## Prompt
From the line with "Hello and welcome" to the line with "Hello, in the", output every line below exactly, both ends included. Skip the pictures.

## Provided records

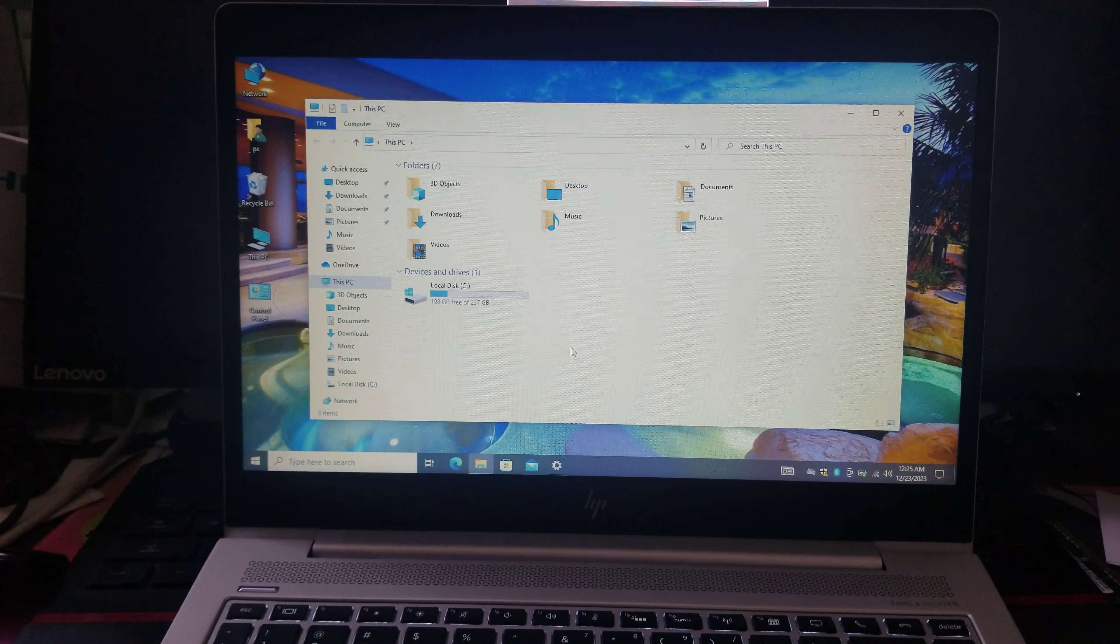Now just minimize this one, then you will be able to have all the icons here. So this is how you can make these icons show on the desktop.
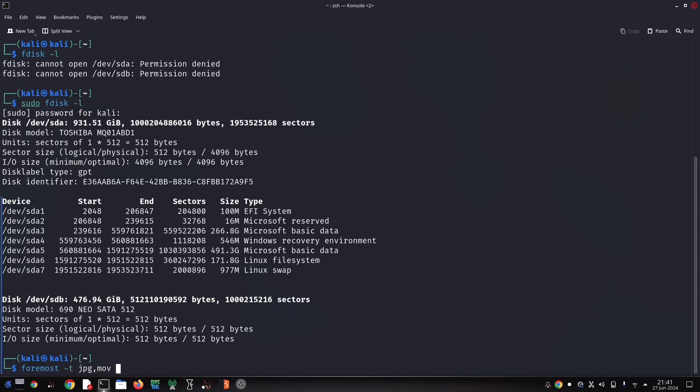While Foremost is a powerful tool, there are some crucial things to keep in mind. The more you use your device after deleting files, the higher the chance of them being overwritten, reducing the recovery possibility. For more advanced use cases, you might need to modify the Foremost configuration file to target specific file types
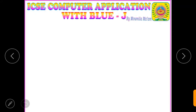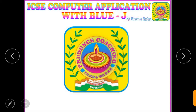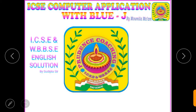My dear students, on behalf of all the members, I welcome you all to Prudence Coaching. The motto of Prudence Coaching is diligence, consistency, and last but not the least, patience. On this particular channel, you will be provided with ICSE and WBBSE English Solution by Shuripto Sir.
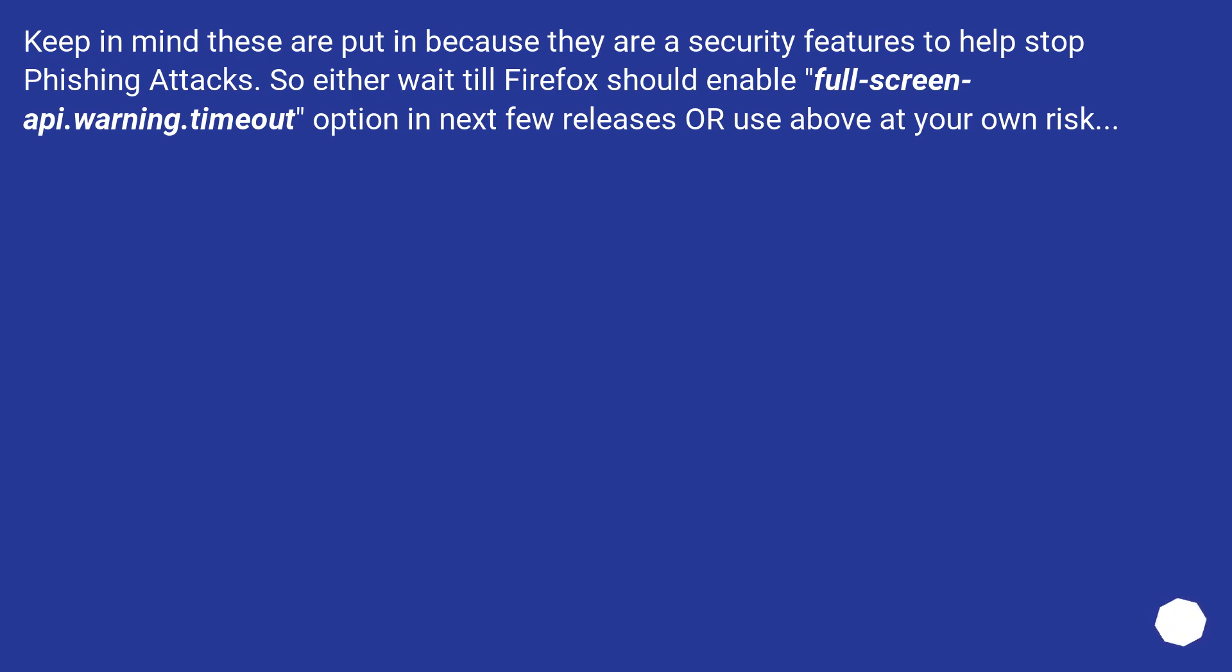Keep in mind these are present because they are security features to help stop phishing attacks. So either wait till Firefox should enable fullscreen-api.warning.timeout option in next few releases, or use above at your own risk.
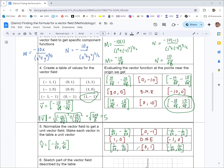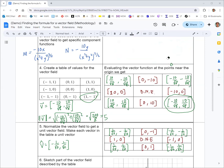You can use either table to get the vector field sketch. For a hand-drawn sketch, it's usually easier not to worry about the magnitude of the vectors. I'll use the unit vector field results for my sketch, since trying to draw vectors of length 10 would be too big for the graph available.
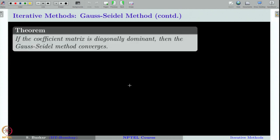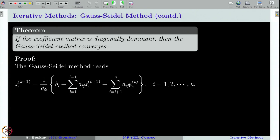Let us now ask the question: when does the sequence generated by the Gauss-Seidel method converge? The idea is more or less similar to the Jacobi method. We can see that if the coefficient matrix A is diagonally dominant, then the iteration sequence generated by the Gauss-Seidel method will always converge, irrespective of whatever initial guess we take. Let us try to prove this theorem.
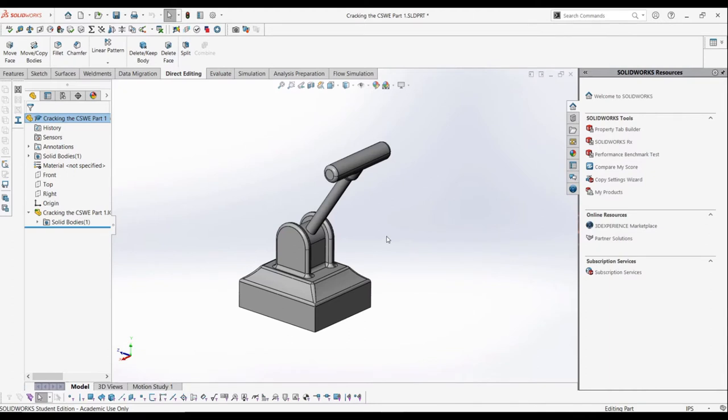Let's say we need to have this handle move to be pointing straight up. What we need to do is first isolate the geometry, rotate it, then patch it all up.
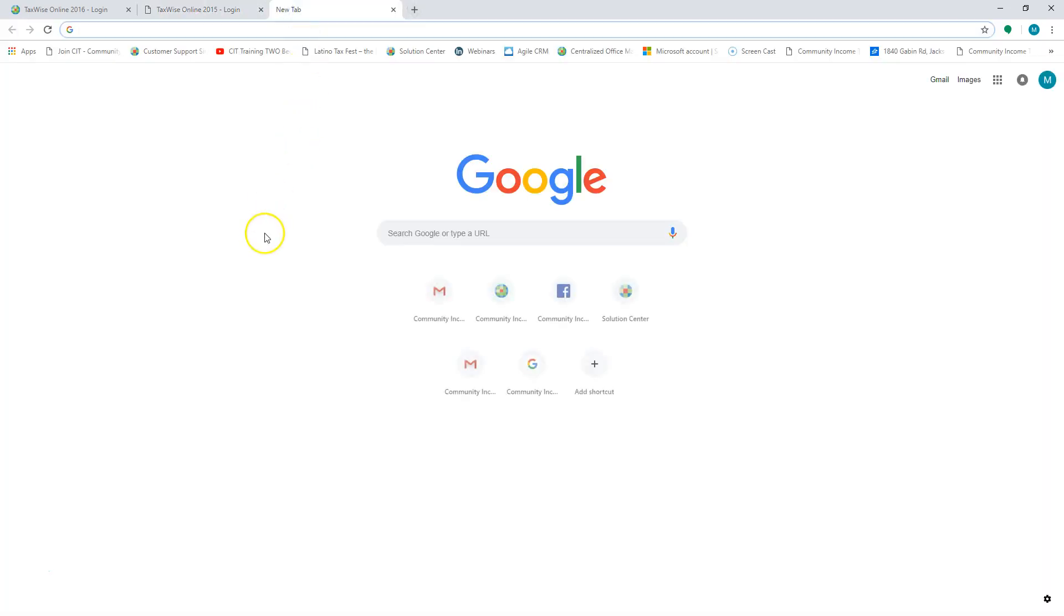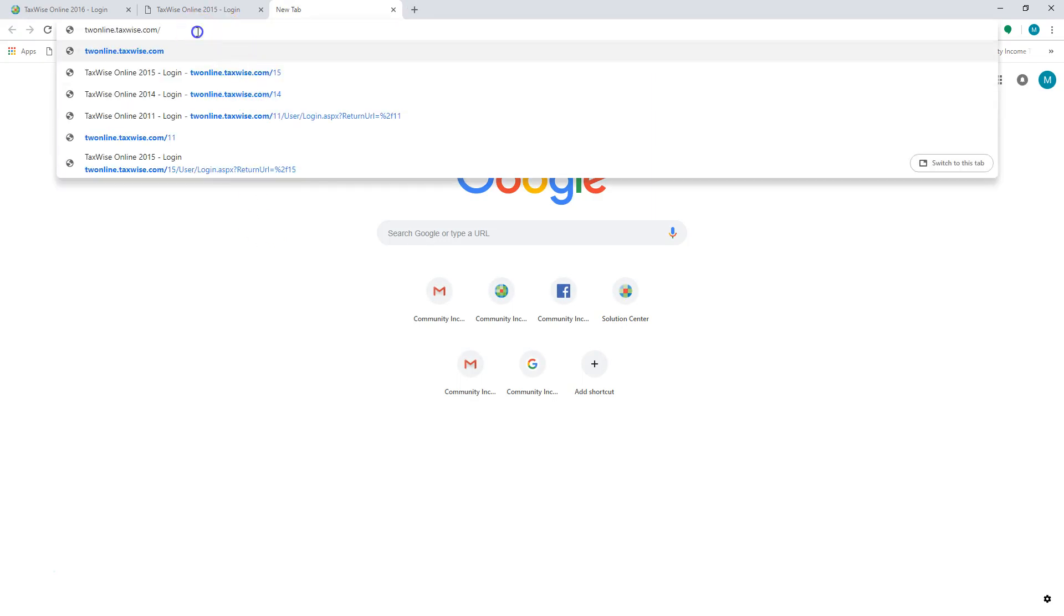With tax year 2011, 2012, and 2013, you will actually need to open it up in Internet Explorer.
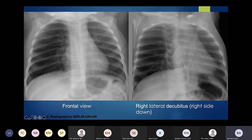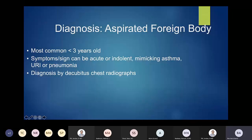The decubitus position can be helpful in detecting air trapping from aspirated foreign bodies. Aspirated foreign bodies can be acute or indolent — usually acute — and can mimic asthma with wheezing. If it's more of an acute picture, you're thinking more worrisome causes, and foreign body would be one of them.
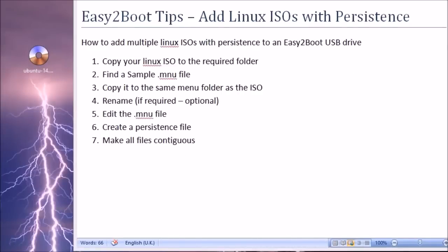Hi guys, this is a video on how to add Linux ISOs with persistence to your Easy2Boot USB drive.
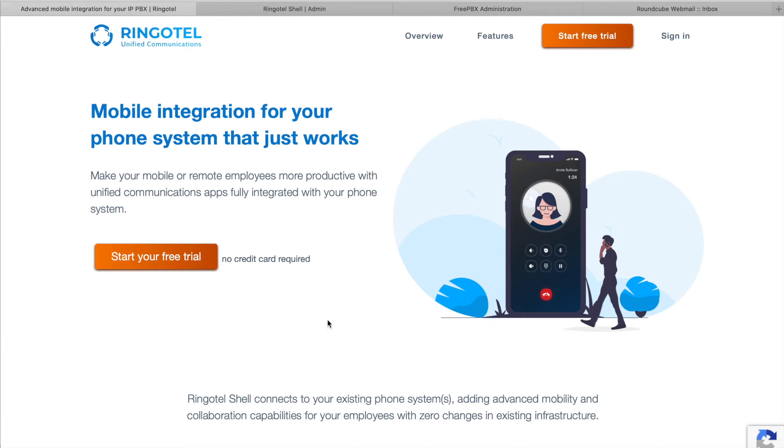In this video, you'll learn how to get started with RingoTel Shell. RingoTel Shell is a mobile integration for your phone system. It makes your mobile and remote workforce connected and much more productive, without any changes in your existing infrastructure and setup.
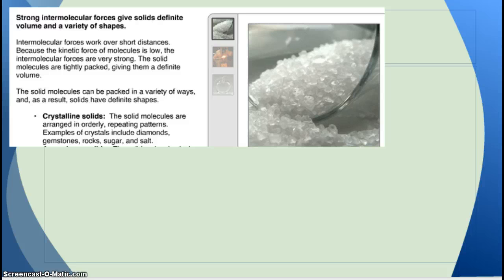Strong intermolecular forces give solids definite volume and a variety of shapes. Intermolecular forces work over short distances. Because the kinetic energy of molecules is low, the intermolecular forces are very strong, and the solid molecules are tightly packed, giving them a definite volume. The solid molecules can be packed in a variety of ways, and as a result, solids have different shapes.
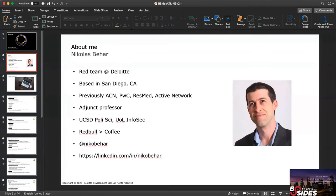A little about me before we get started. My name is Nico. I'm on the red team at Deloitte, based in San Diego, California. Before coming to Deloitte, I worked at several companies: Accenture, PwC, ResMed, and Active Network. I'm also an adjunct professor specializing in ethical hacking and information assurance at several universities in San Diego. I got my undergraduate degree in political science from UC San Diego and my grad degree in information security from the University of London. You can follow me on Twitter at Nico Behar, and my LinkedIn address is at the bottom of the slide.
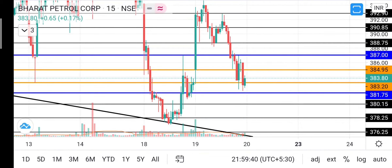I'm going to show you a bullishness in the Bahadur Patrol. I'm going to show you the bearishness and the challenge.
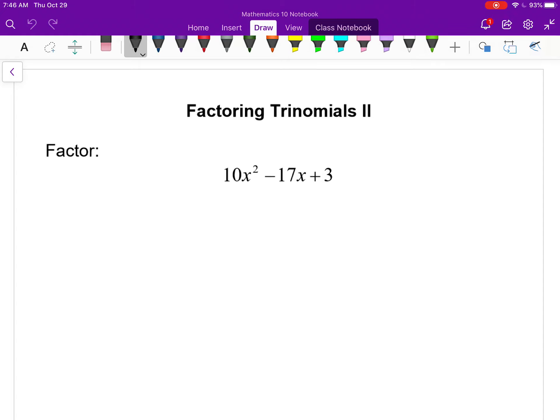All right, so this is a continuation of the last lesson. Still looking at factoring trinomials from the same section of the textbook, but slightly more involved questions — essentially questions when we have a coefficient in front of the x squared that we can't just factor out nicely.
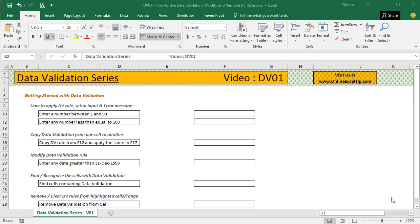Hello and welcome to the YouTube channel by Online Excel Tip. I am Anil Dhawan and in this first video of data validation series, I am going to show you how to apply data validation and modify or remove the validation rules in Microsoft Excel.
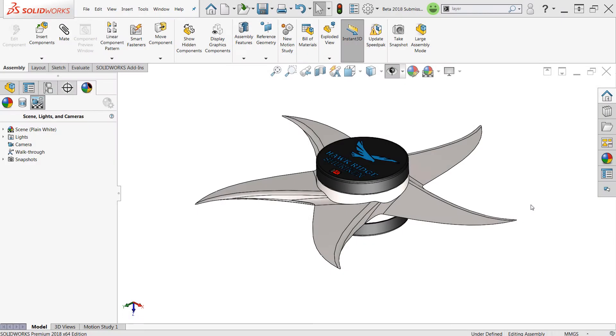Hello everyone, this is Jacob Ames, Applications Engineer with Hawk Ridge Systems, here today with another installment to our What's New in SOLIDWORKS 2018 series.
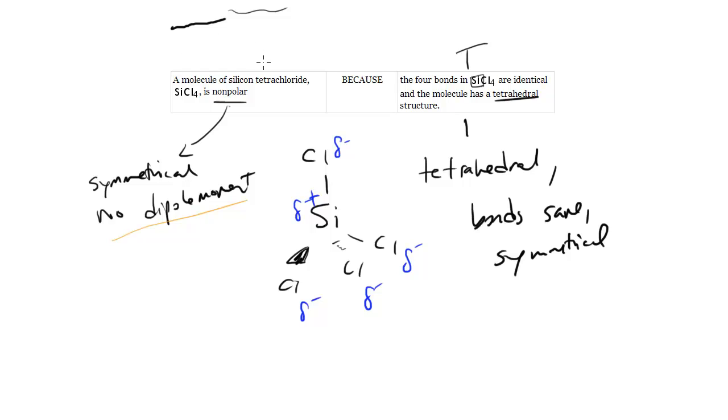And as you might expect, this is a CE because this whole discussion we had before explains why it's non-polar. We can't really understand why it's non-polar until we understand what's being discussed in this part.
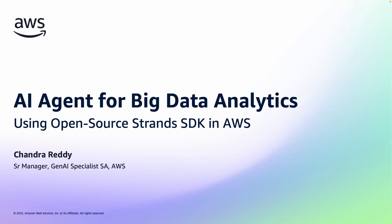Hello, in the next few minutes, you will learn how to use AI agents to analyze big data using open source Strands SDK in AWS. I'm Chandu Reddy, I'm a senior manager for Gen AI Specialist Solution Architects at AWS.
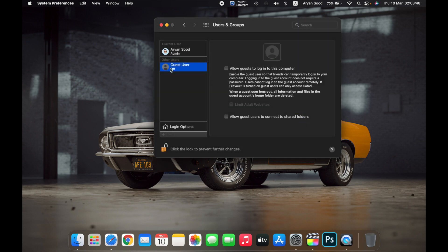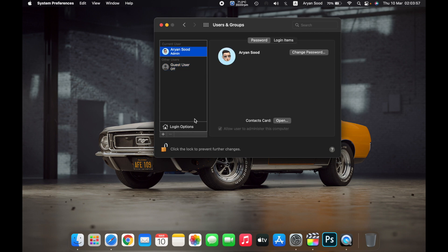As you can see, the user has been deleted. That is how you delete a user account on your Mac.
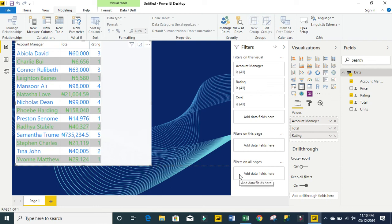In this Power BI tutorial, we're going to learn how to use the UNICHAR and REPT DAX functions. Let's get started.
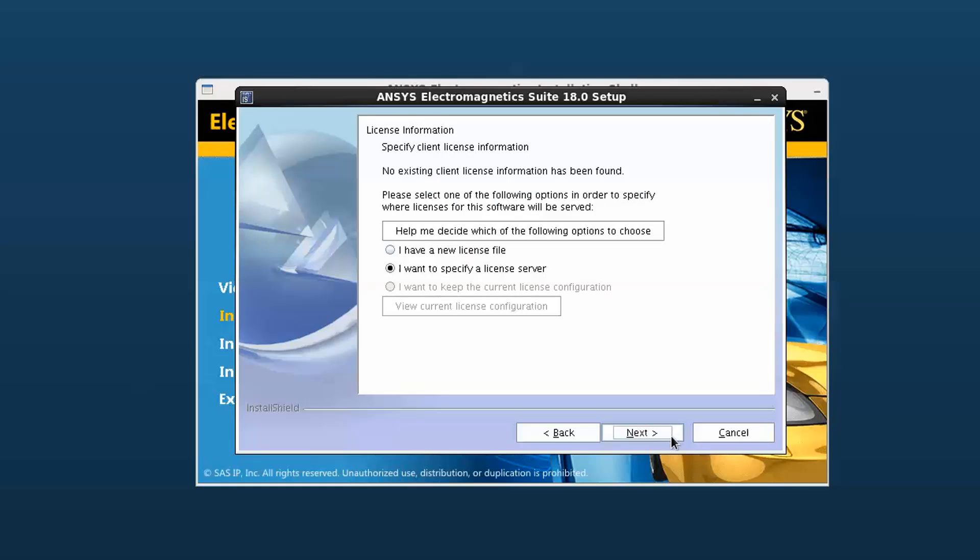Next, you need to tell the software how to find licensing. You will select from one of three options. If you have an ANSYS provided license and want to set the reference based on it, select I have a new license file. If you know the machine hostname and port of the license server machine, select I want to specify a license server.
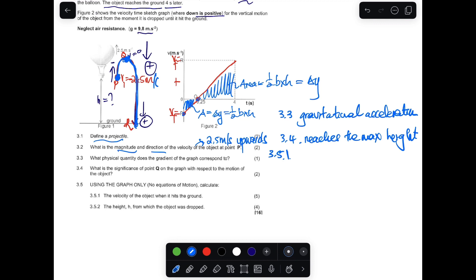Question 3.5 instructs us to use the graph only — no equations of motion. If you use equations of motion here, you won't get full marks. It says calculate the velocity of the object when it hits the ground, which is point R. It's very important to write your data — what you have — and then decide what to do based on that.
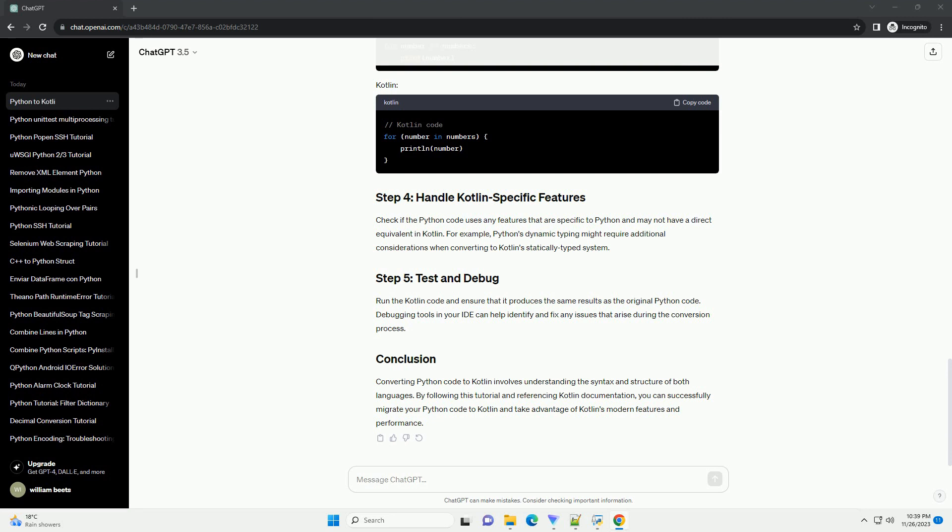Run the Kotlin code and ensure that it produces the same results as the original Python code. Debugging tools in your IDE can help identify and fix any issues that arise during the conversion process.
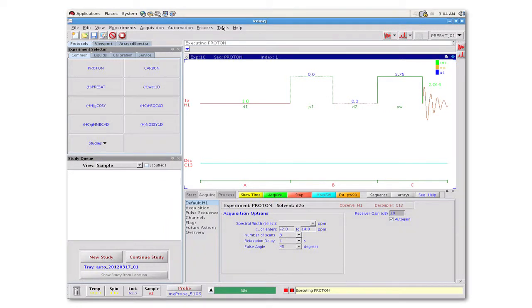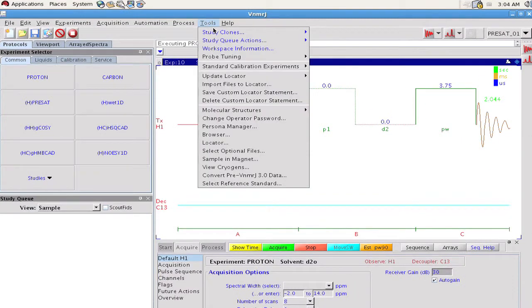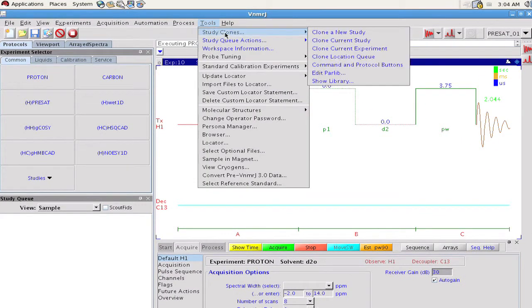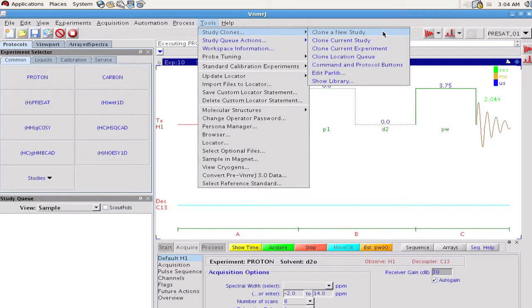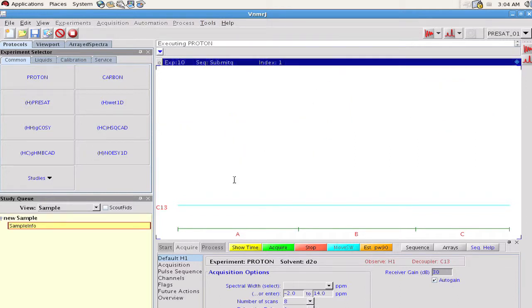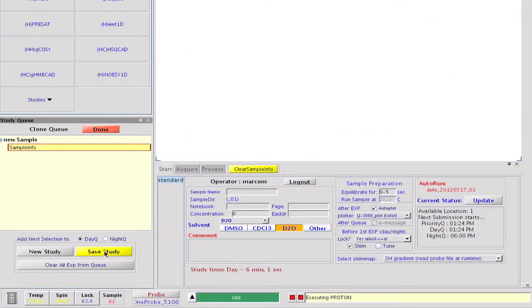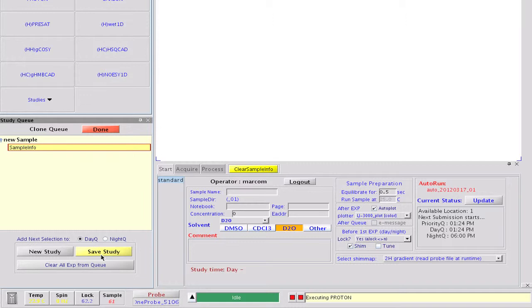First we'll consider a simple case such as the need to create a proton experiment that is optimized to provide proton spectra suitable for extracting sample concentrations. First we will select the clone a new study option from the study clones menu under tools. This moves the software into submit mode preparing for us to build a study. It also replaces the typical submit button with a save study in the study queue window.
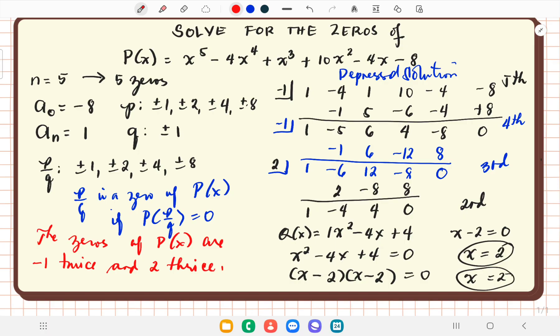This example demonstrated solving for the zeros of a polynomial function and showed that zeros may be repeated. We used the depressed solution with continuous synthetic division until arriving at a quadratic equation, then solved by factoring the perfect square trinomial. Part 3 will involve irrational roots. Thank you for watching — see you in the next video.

## Solution
Hello and welcome to the YouTube channel by Online Excel Tip. I am Anil Dhawan and in this first video of data validation series, I am going to show you how to apply data validation and modify or remove the validation rules in Microsoft Excel.
Hello everyone, this is Jacob Ames, Applications Engineer with Hawk Ridge Systems, here today with another installment to our What's New in SOLIDWORKS 2018 series.
And as you might expect, this is a CE because this whole discussion we had before explains why it's non-polar. We can't really understand why it's non-polar until we understand what's being discussed in this part.
Hello, in the next few minutes, you will learn how to use AI agents to analyze big data using open source Strands SDK in AWS. I'm Chandu Reddy, I'm a senior manager for Gen AI Specialist Solution Architects at AWS.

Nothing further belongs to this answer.